== MATERIAL FOR THIS EXERCISE ==
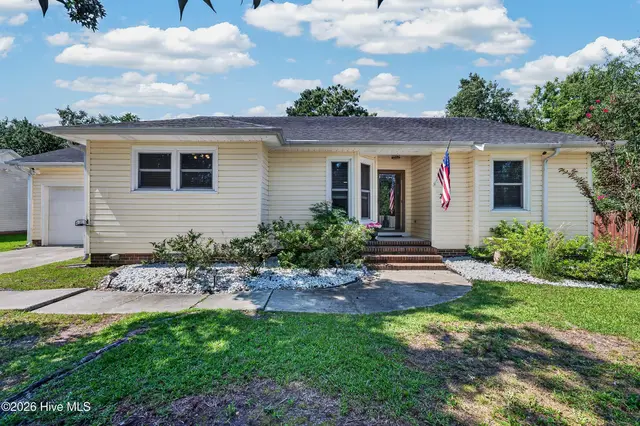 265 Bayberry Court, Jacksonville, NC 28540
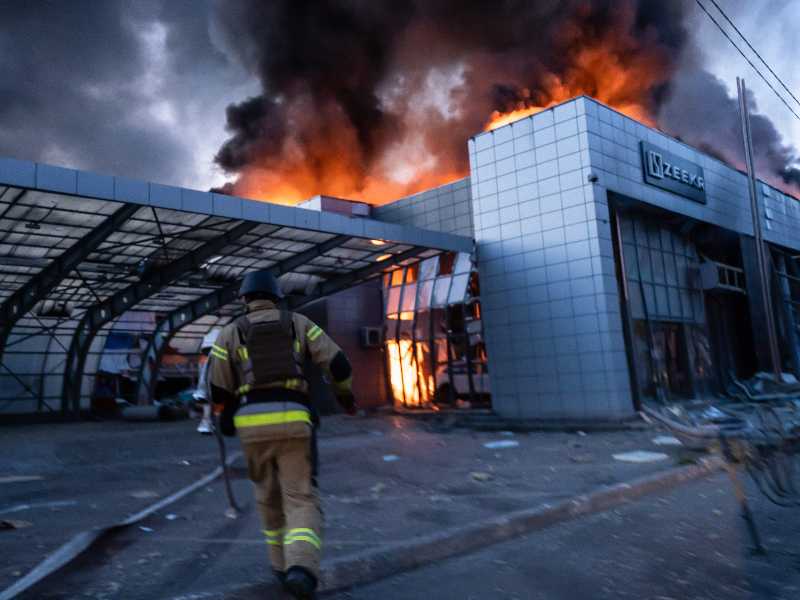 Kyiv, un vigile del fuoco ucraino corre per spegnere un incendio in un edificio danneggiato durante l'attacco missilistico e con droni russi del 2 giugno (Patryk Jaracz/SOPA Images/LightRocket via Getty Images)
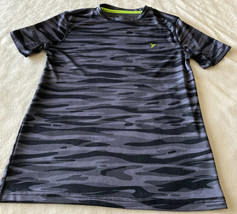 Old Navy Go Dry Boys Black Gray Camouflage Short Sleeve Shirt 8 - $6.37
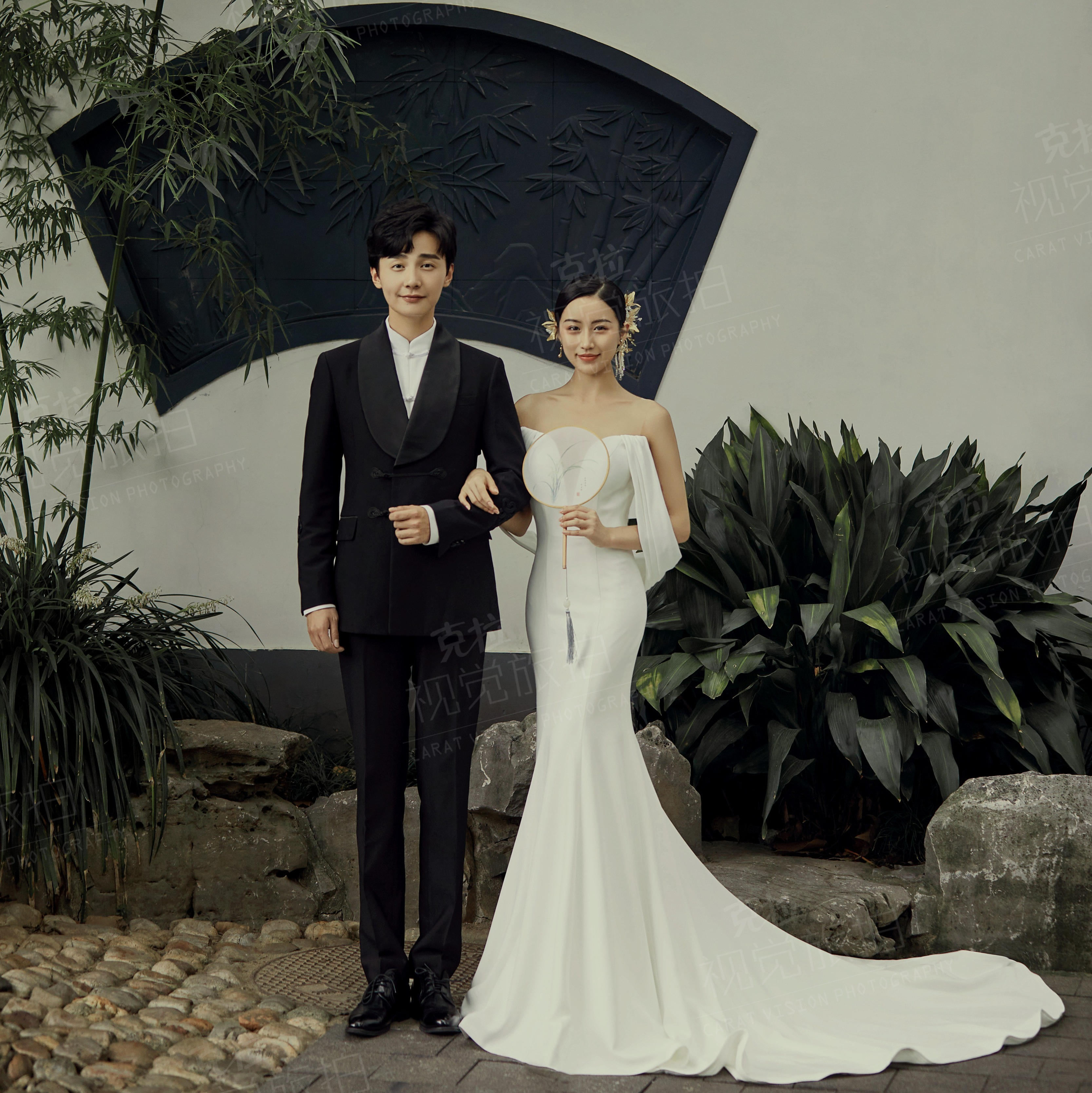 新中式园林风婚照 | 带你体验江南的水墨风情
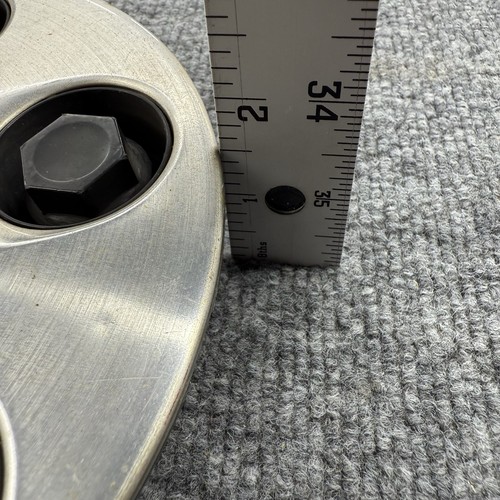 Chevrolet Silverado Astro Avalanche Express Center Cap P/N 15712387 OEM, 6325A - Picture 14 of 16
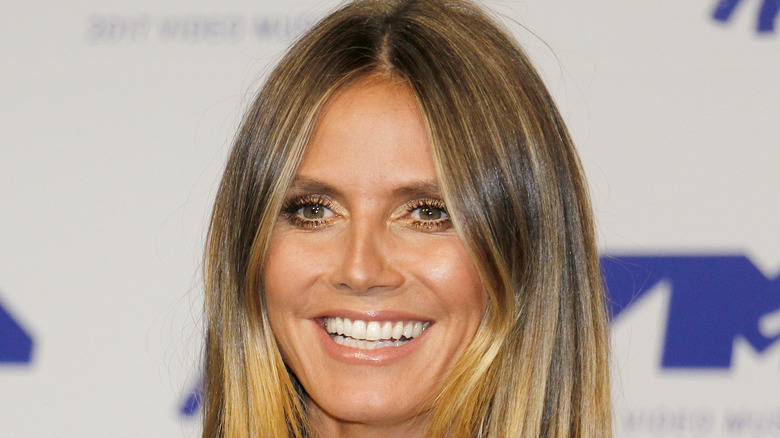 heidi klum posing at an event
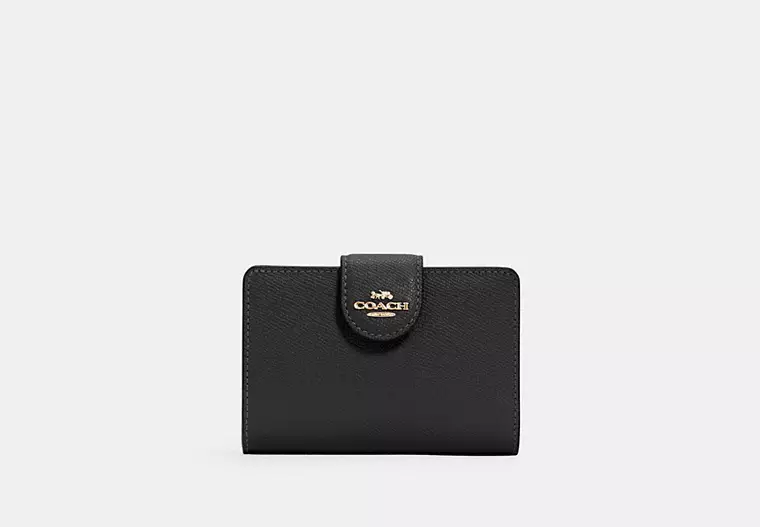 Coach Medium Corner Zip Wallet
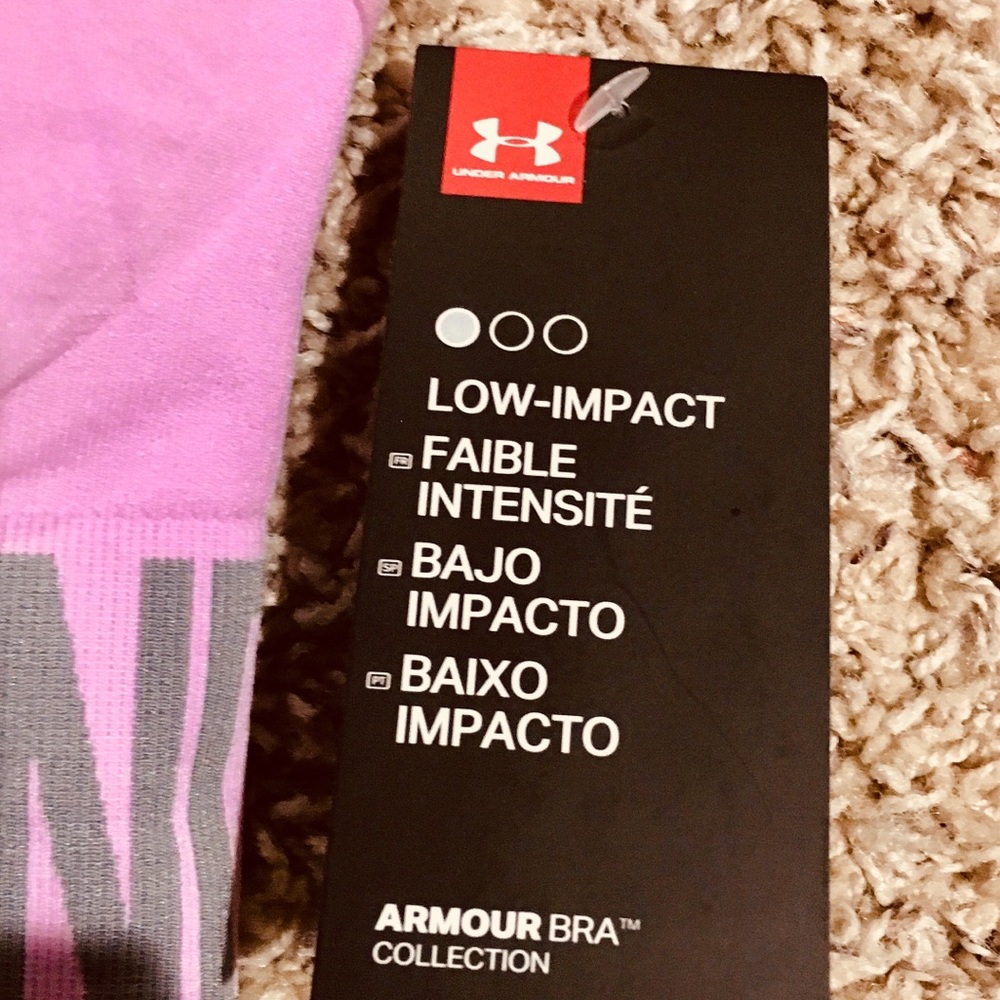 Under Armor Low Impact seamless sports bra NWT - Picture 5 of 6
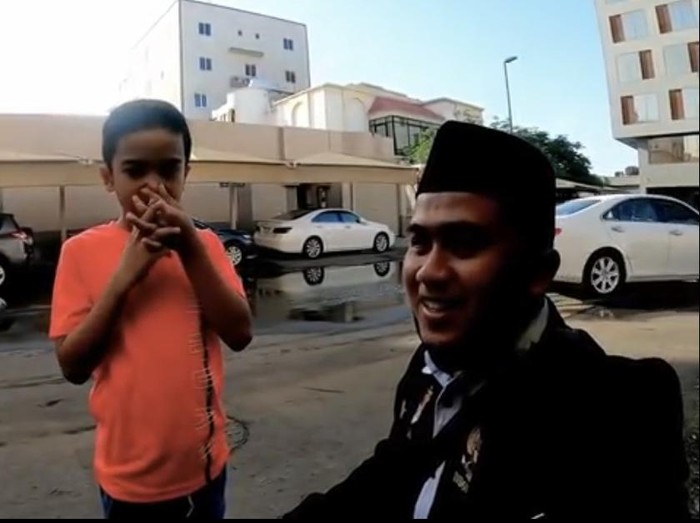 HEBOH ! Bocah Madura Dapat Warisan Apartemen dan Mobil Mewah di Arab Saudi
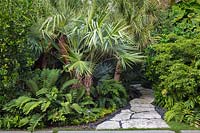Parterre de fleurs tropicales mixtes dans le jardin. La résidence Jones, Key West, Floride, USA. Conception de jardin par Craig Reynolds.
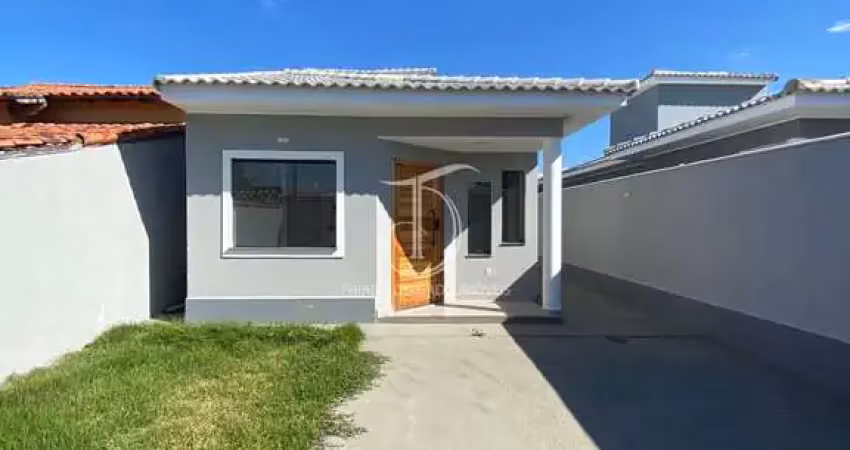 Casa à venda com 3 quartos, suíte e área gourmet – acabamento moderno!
===
I would like the material above returned exactly as it stands, without its pictures.

# RESULT FOR THIS EXERCISE
 265 Bayberry Court, Jacksonville, NC 28540
 Kyiv, un vigile del fuoco ucraino corre per spegnere un incendio in un edificio danneggiato durante l'attacco missilistico e con droni russi del 2 giugno (Patryk Jaracz/SOPA Images/LightRocket via Getty Images)
 Old Navy Go Dry Boys Black Gray Camouflage Short Sleeve Shirt 8 - $6.37
 新中式园林风婚照 | 带你体验江南的水墨风情
 Chevrolet Silverado Astro Avalanche Express Center Cap P/N 15712387 OEM, 6325A - Picture 14 of 16
 heidi klum posing at an event
 Coach Medium Corner Zip Wallet
 Under Armor Low Impact seamless sports bra NWT - Picture 5 of 6
 HEBOH ! Bocah Madura Dapat Warisan Apartemen dan Mobil Mewah di Arab Saudi
Parterre de fleurs tropicales mixtes dans le jardin. La résidence Jones, Key West, Floride, USA. Conception de jardin par Craig Reynolds.
 Casa à venda com 3 quartos, suíte e área gourmet – acabamento moderno!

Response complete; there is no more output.